L’objectif de la présente étude est d'examiner le paysage linguistique de l'espace rap montréalais en matière de choix de langue (français, anglais, arabe, espagnol, italien, créole haïtien) lorsque les artistes font référence à cet espace abstrait dans leurs paroles et comment le choix variable s’avère conditionné sur le plan sociolinguistique.

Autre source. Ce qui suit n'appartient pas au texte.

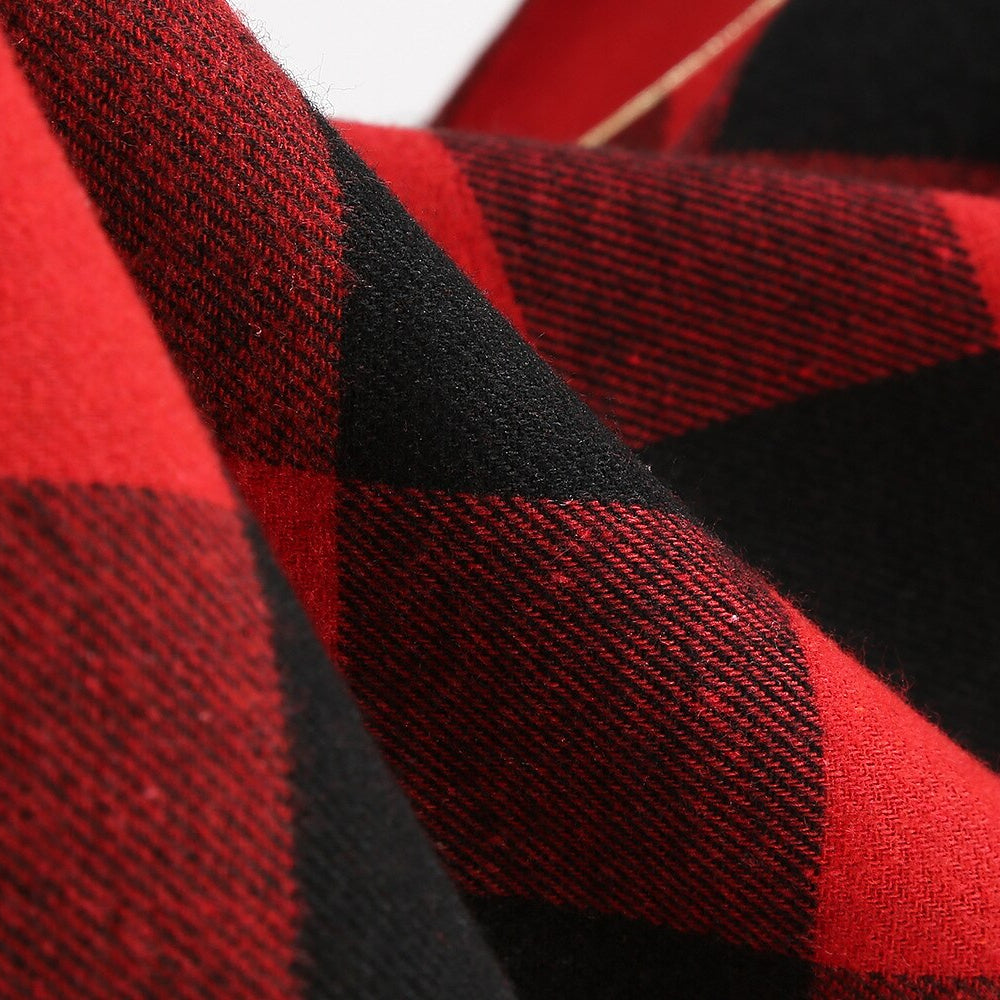 Women's 1950s Plaid Lapel Collar Swing Dress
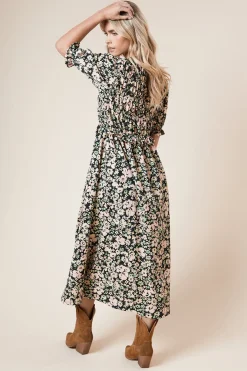 Robe Midi À Basque Avec Corsage Froncé Et Petites Manches Bouffantes À Motif Fleuri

Nous examinons un sous-ensemble du méga corpus (1,45 million de mots) « RapKeb21 » (Leavitt 2022) des œuvres de 40 artistes nés à Montréal. Afin d’évaluer l’effet des facteurs sociaux, linguistiques et prosodiques, nous effectuons une modélisation du choix de langue des références par régression linéaire multiple et par partitionnement récursif non paramétrique basé sur l’apprentissage machine (arbre d'inférence conditionnelle et forêt aléatoire). Nous la réalisons en langage de programmation R (R 2022) à partir des trousses lme4 (Bates et al. 2015), partykit (Hothorn et Zeileis 2015) et randomForest (Liaw et Wiener 2002).
Nos analyses révèlent l’effet significatif des facteurs langue de l’énoncé, nombre de syllabes, voyelle finale, rime et origines géographiques. Nous discuterons de ces effets et ce qu’ils révèlent par rapport à l’agentivité de l’artiste et de l’indexicalité du choix de langue au sein du vernaculaire contemporain montréalais.